Global Economics Intelligence executive summary, December 2023

The latest McKinsey Global Survey on economic conditions finds that geopolitical instability is viewed as the top threat to economic growth by respondents (Exhibit 1). Earlier optimism about the global economy—and respondents’ own companies’ workforce growth and profits—has receded somewhat; nevertheless, respondents maintain a largely positive view about their own economies. At the same time, concern over high interest rates has almost halved from earlier in 2023: 18% of respondents now cite inflation as a risk to growth compared with 34% in March. In this latest survey, just 32% of respondents expect a rate hike in the next six months (versus 60% in March), with 40% believing their country’s rates will hold steady.

Geopolitical concerns still dwarf other threats to global growth, while inflation falls further and political transitions become more of a risk.

Meanwhile, despite OECD composite leading indicators having pointed toward a rebound across developed and emerging economies since 2022, November saw overall consumer confidence decline again across most surveyed economies. For example, Brazil saw consumer confidence drop slightly to 93.0 in November, from 93.2 in October, down for a second consecutive month. In the US, however, the Consumer Confidence Index (Conference Board) rose to 102.0 in November, up from a downwardly revised 99.1 in October.

Growth in retail sales across most surveyed countries has remained relatively stable; however, Russia and China stand out as rebounding. US retail and food service sales decreased to $705 billion, a 0.1% decline from October’s revised $705.7 billion. In China, retail sales accelerated to 10.1% year-on-year growth in November (7.6% in October).

November saw inflation continue to decline in developed economies after a period of high inflation. In the US, the Consumer Price Index (CPI) ticked down to 3.1% (annualized) in November (3.2% in October), while core inflation remained unchanged at 4.0% (annualized). Eurozone headline inflation eased to 2.4% year over year in November (down from 2.9% in October)—the lowest rate in more than two years. Core inflation remained elevated at 3.6% in November but is coming down (4.2% in October). In the UK, CPI inflation dropped unexpectedly below 4.0% to reach 3.9% in November (4.6% in October); core inflation remains high but was down to 5.1% in November (5.7% in October).

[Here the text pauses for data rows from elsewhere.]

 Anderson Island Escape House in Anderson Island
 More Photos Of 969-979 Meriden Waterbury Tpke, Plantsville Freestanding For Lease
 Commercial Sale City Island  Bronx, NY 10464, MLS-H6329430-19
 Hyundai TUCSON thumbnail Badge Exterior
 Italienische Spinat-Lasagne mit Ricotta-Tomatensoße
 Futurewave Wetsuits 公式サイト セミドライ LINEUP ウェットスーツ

The inflation picture across emerging economies is looking increasingly diverse. In China, consumer prices continued to deflate, falling to –0.5% in November (–0.2% in October), weighed down by food prices (–4.2% in November). Producer prices also deflated at a faster rate in November at –3.0% (versus −2.6% in October). In Brazil, inflation fell for a second consecutive month, to 4.68% (4.82% in October)—dropping into the central bank’s target range where the upper limit is defined as 4.75%. In contrast, headline inflation in India climbed to 5.88% in November from 4.9% in October. Meanwhile, Russia has seen inflation accelerate to 7.5% year over year in November, broadly because of an extremely tight labor market that has seen sharp wage rises across many sectors.

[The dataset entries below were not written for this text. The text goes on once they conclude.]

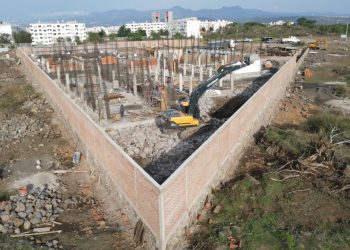 Educación digna para Villas del Pedregal; nueva secundaria con 60 % de avance: SCOP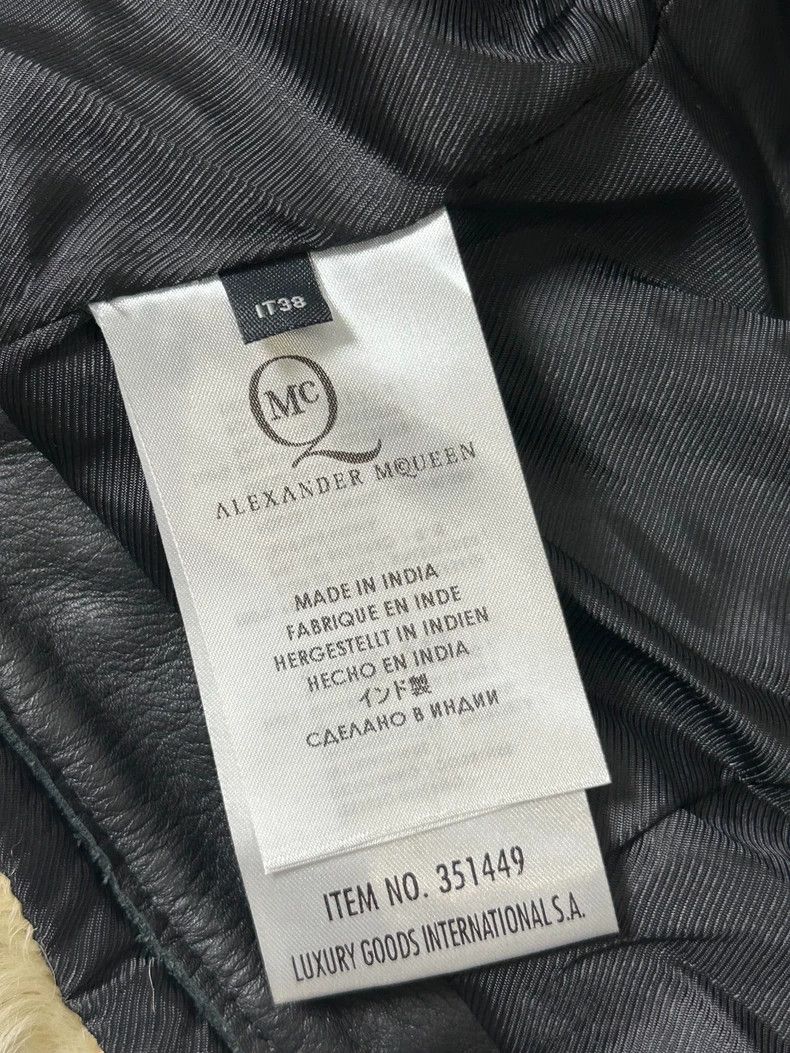 Alexander McQueen Alexander McQueen Black Leather Jacket with Fur Collar Size S / US 4 / IT 40 - 5 Thumbnail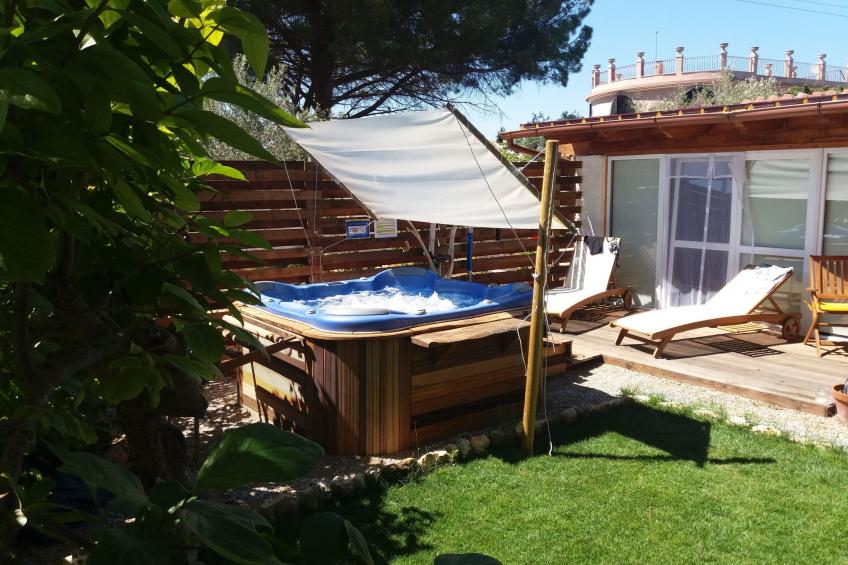 Schönes Ferienhaus mit Whirlpool - foto 7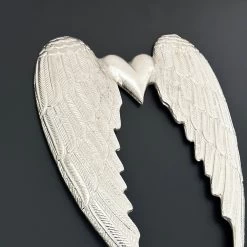 Darthome Limited Silver Angel Wings With Heart Deco -Décor Dreams Shop IMG E1789
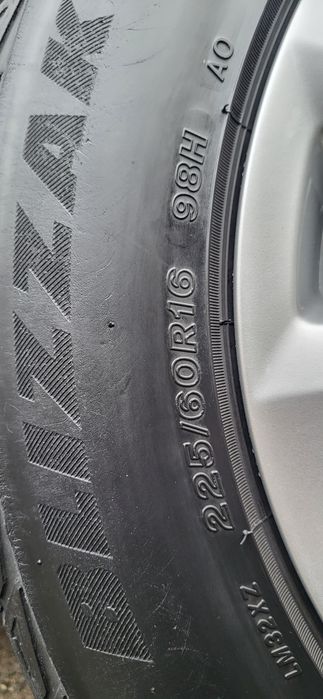 Sprzedam kola stan alufelg bdb opony zimowe Audi a6 16cali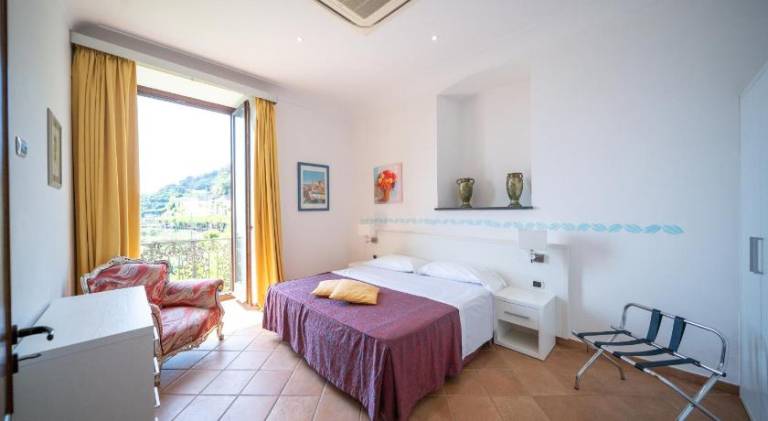 Holiday apartment with yard, jacuzzi & patio — photo 2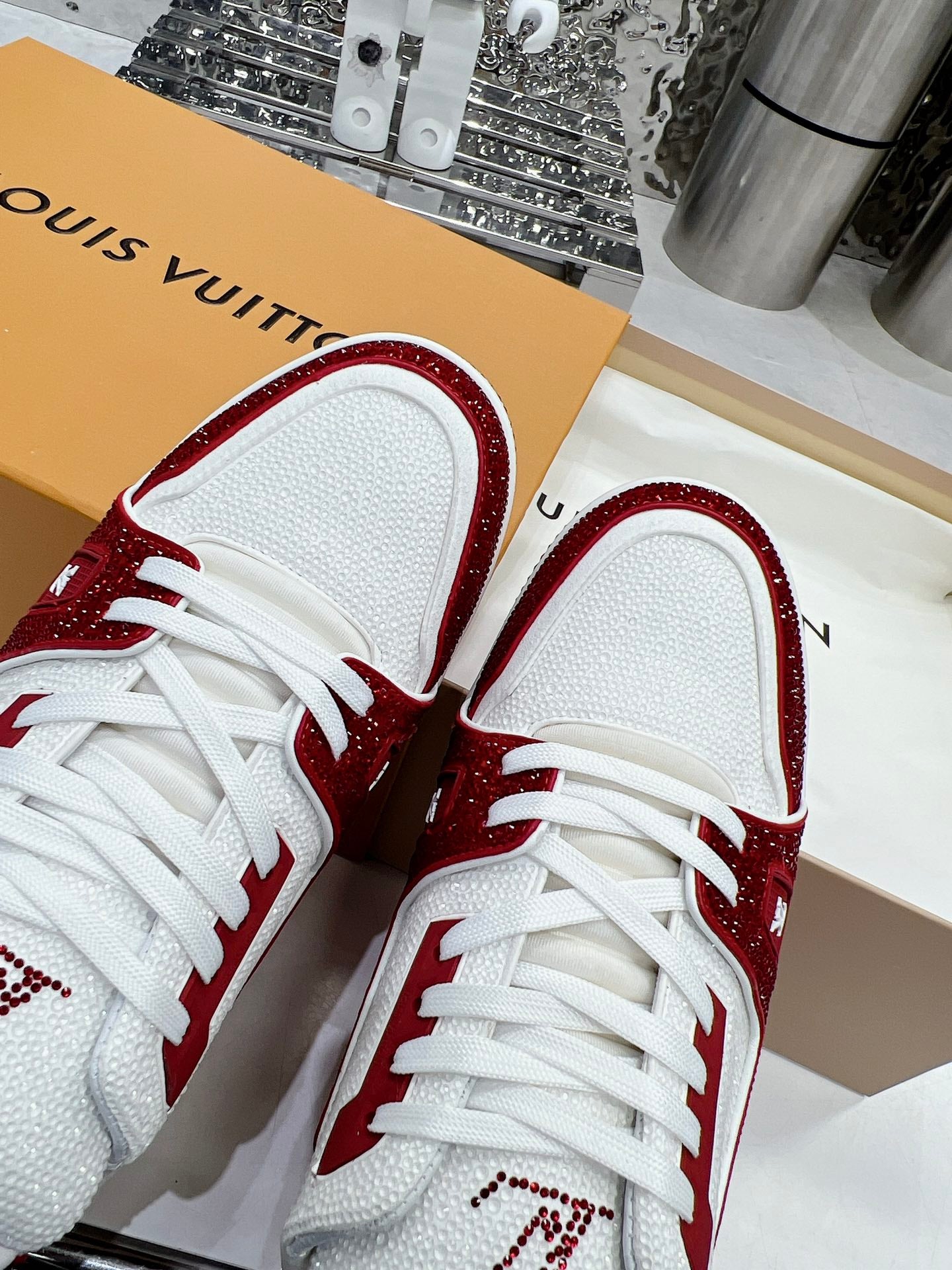 Louis Vuitton  Sneakers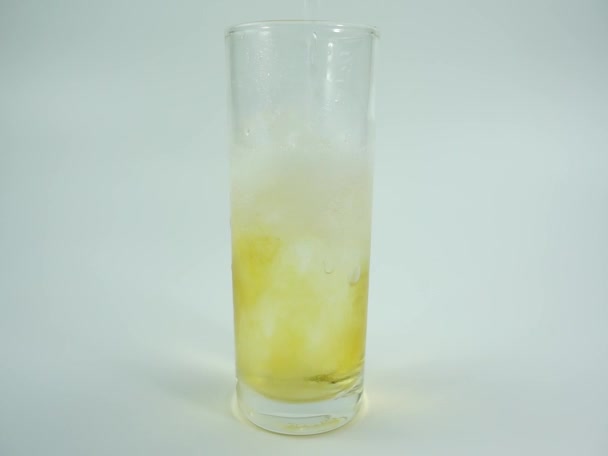 Bevanda Alcolica Con Cubetti Ghiaccio Bicchiere Fresco Sfondo Bianco Full — Video Stock
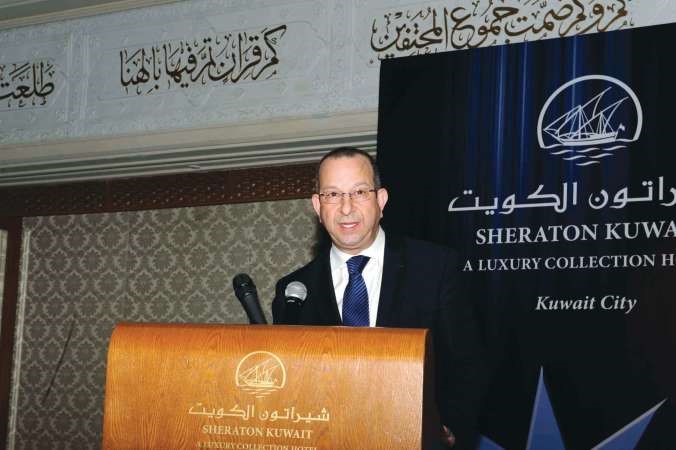 منير عامر متحدثا للحضور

Commodity prices continued to fall in December, with the exception of precious metals. Overall, energy prices maintained an upward trend over recent months, whereas prices for industrial metals have seen a decline, mostly driven by lower demand from China’s construction sector. Food prices, meanwhile, are trending down, although levels are similar to 2011’s period of high inflation.

Looking ahead, inflation expectations have stabilized at 2.0–2.5% for both the medium and long term.

This month again saw interest rates unchanged across the developed economies. On December 15, 2023, the Bank of Russia increased the key rate by 100 basis points to 16%—the rate has now risen by 850 basis points since July. However, Brazil cut its interest rate to 11.75% in December, down from November’s 12.25% (Exhibit 2).

Central banks are further tightening monetary policy, with Brazil and China being the exceptions.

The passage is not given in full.